Excerpts from Top Flite Tennis by Mary K. Browne


Excerpts from Top Flite Tennis by Mary K. Browne
1928, American Sports Publishing, New York, 128 pages

Sometimes obtainable used from ABEbooks or Amazon.com

    Top Flite Tennis is a well-written book of basic tennis instruction by 3-time US National singles champ Mary K. Browne. The book still contains useful advice, if you keep in mind that some tennis concepts have been discarded over the years (e.g., until the '60s many people thought that topspin was generated by actually rolling the racket over the top of the ball, which high-speed photos show is not the case-- topspin is generated by brushing upward on the back of the ball while striking it, by the time you could roll the racket over the top of the ball, it has already left the strings). The book is also well-illustrated by line drawings traced from photos of great players.

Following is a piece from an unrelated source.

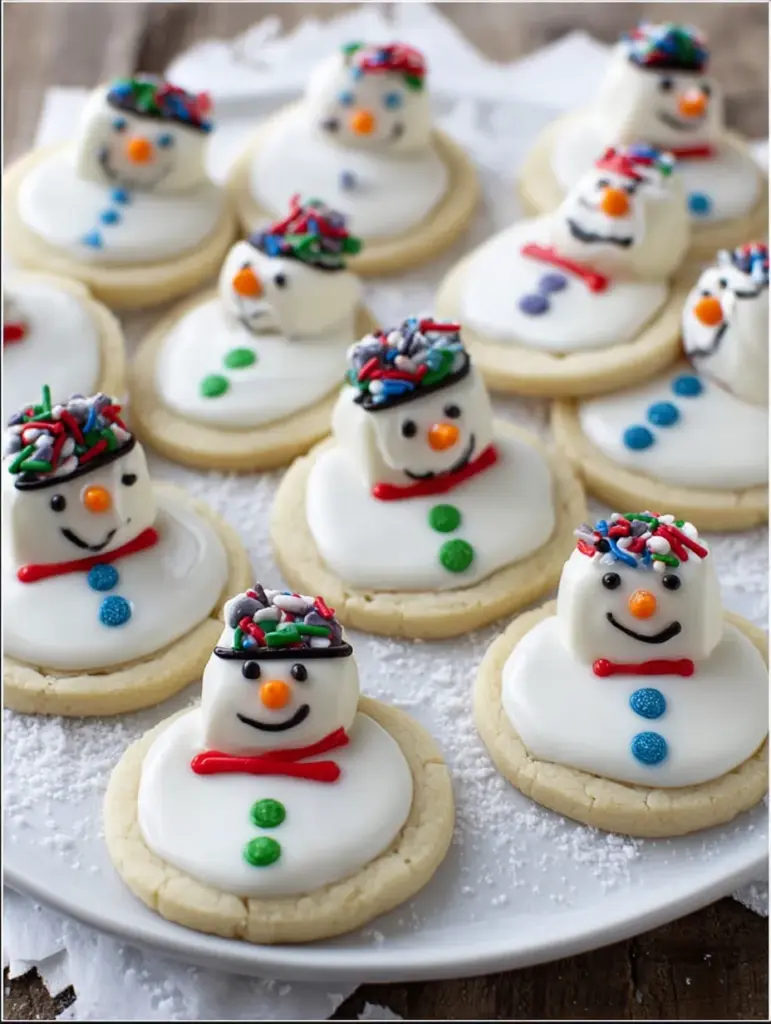 Melted Snowman Sugar Cookies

    In late 1926 and early 1927, then-35-year-old Mary K. Browne played a series of exhibitions against just-turned-pro Suzanne Lenglen, who was 27 at the time. Though Browne had been ranked # 6 in the world in 1925, Lenglen won all of the singles matches they played. This was the first successful pro tennis tour in history.

    The final chapter of Top Flite Tennis is a description by Browne of the tactics Suzanne Lenglen achieved her dominance over other players, and most of that chapter is excerpted below.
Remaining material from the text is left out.